Hors de la Seconde École de Vienne, de ses suiveurs, et de l’œuvre au noir de Chostakovitch, trois autres séries majeures pour le quatuor à cordes auront encadré le mitan du XXe siècle : les six Quatuors de Béla Bartók, les huit Quatuors d’Alexandre Tansman, et les sept Quatuors de Bohuslav Martinů.
En rien trois monolithes, pour chacun des trois compositeurs, l’occasion de pénétrer dans leurs ateliers et de scruter les abysses de leurs processus créatifs. Il manquait une nouvelle intégrale pour le cycle de Bohuslav Martinů, j’y espérais les Pavel Haas, les voici dans un premier volume qu’ils ouvrent avec le 5e Quatuor, chef-d’œuvre de la série, composé au printemps 1938 en Tchécoslovaquie, période supposée heureuse : Martinů revenait d’assister à la création parisienne de Juliette. Las !, l’assombrissement du destin de l’Europe, et partant de son pays natal, donnèrent une tonalité tragique au nouvel opus.

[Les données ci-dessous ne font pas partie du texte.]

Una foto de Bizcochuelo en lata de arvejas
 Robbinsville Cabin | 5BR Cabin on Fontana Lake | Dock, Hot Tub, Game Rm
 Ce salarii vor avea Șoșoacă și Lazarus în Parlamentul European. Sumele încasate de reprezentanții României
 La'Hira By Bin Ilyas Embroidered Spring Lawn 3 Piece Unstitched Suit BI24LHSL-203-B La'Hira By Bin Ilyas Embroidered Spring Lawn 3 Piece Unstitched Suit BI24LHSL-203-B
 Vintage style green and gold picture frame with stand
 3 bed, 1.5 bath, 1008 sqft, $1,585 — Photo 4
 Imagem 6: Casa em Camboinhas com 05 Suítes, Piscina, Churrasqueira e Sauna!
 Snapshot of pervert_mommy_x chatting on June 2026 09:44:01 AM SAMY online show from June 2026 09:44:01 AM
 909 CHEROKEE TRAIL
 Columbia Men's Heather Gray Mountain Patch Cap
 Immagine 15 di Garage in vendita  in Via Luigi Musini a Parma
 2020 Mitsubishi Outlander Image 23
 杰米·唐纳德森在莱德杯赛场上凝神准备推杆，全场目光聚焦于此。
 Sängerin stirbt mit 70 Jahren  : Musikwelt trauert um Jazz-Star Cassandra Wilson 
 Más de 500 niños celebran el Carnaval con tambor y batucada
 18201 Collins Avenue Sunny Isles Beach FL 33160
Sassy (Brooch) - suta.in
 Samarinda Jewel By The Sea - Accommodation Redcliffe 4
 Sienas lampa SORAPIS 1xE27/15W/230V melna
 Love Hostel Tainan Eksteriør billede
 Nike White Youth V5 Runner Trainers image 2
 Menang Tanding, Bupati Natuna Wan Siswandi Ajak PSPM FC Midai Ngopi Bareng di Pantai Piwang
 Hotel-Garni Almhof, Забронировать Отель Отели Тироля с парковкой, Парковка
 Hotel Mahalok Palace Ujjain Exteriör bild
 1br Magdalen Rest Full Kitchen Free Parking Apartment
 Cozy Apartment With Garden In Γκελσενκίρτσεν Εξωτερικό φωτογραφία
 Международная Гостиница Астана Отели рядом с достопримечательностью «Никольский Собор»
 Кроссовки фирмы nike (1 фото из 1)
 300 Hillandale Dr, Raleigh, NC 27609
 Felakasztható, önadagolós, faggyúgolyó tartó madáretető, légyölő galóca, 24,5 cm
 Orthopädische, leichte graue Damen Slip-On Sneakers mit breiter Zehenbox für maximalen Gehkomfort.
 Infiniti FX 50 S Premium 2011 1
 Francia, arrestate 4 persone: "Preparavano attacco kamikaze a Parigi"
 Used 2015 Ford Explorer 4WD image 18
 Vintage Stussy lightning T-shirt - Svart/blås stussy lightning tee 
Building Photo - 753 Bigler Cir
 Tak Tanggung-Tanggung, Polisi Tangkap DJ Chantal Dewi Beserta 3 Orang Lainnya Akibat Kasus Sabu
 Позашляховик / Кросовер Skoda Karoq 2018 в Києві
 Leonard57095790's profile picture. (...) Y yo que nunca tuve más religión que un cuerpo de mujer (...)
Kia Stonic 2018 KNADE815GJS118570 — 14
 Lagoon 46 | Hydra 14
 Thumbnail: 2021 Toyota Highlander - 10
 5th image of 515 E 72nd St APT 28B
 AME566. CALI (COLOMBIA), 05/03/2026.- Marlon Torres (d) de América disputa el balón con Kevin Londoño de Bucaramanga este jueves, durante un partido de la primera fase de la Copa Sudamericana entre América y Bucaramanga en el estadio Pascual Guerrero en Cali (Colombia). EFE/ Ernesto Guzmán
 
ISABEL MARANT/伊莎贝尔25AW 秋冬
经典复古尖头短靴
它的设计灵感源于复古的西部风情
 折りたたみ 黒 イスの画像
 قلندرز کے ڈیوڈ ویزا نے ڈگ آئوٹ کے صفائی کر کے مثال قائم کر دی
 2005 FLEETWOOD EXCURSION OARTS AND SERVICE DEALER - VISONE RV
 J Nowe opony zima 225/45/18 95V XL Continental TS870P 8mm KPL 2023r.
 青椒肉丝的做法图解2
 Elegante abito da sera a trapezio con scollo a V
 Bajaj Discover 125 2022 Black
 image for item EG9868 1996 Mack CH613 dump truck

L’œuvre se détache par ses abrasions, ses dissonances, son ton résolument expressionniste de tout ce qu’il aura confié précédemment aux quatre archets, y compris l’évocation des idiomes populaires. Le motorisme du Vivo sonne acide, le Lento inquiet qui ouvre le Finale semble faire écho aux nocturnes si chers à Alexandre Tansman, l’ami de Paris, la radicalité de l’œuvre s’exalte dans le jeu âpre des Pavel Haas.
Quel contraste !, la lumière, le giocoso empli de traits populaires mêlés d’un peu de jazz et de fox-trot emportent le Troisième Quatuor, écrit à la toute fin du long séjour parisien (décembre 1929). Le Finale trépidant est irrésistible dans le jeu precipitato des quatre amis. Quatre ans plus tôt, le Moderato introductif du Deuxième Quatuor fait entendre du Debussy, du Ravel: Martinů y rend hommage à tout ce que la musique française lui apporta, et d’abord cette lumière, l’allégement d’une palette où les idiomes tchèques viennent fleurir un discours aussi joueur qu’irrévérencieux (un peu de moqueries beethovéniennes ici et là). Les Haas en savourent les touches poivrées.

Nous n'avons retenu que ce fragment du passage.